Said to be the only Etruscan chariot ever found intact, the 14ft by 4ft vehicle, showing scenes from the life of Achilles in relief, was part of a burial treasure.
It was found with the remains of two humans still sitting inside, along with two drinking cups, which helped date it to 530BC. The farmer, Isidoro Vannozzi, is said to have stumbled across it while digging a wine cellar. He hid the treasure in his barn, fearing that the authorities would confiscate it.
The village council in Monteleone (population 662) has instructed solicitors to demand its return from the Metropolitan “to its place of origin and people”.
Tito Mazzetta, a lawyer based in Atlanta, Georgia, who is representing Monteleone, wrote an initial letter to the Metropolitan, demanding that the chariot’s “uniqueness” and cultural importance meant that it should be returned.
Sharon Cott, the vice-president of the museum and its chief legal counsel, said that the Metropolitan “respectfully declined” to give up the exhibit. “The Metropolitan has owned the chariot for over 100 years, long after any legal claim could be timely brought,” she argued.
The museum hoped that Italian dignitaries would attend the opening of its new Roman galleries in 2007, of which the chariot would be the centrepiece.

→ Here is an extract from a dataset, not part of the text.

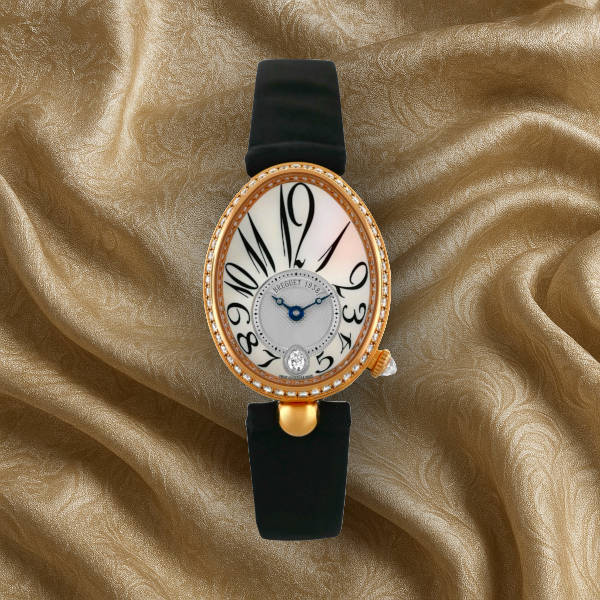 Breguet Reine de Naples women’s dress watch – oval masterpiece with guilloché dial and blue hands, ultimate feminine luxury.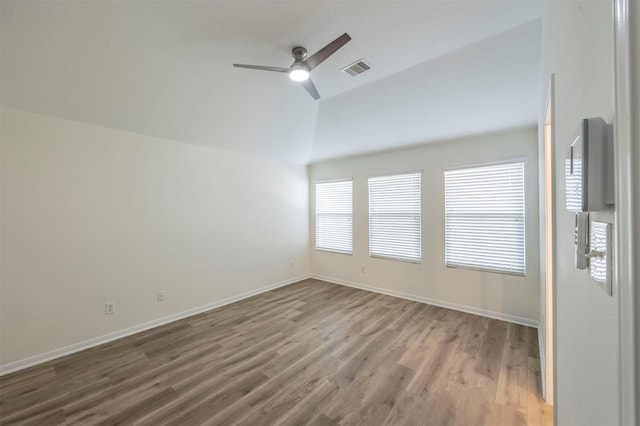 unfurnished room featuring lofted ceiling, visible vents, a ceiling fan, wood finished floors, and baseboards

But that would be out of the question, she said, if Monteleone “insisted on pursuing its futile claim” or “adopted some other adversarial posture”.
Undeterred, Mr Mazzetta sent a second letter last week, saying that Monteleone had the backing of Italy’s Commission for Public Education and Antiquities, the Umbrian regional government and 37 cities and towns in the region.
He claimed that Morgan, who became the Metropolitan’s director in 1904, had been instrumental in illegally obtaining the chariot.
Citing the case of an Atlanta museum, which two years ago handed back to Egypt a mummy exported to America in 1864, and Italy’s decision to return a 1,700-year-old Ethiopian obelisk plundered by Mussolini, he challenged the museum to make a “great and civilised gesture worthy of a great institution.
“What makes me so indignant is the offensive way these people viewed Italy,” Mr Mazzetta said last week. “They treated the Italians like so many Indians, flinging a few trinkets at them, knowing they didn’t have the power to fight the likes of powerful people like JP Morgan.
“At the time, the museum’s president, director and trustees, a group of very sophisticated, informed and powerful people, knew full well of the illegal provenance and understood the historical significance of the chariot. But they rode roughshod over the law anyway.”
According to Mr Mazzetta, the sale or export of antiquities unearthed in Umbria, and later in unified Italy, was banned from 1821, while from 1903 new legislation declared them to be “government property”.
Mr Mazzetta said that when Mr Vannozzi sold the chariot, he did so against Italian laws, meaning that subsequent buyers had also broken the law and were in receipt of stolen property.
Harold Holzer, a spokesman for the museum, said that Monteleone’s claim was “like Italy saying it now wants France to give back the Mona Lisa. It’s too late to discuss,” he said.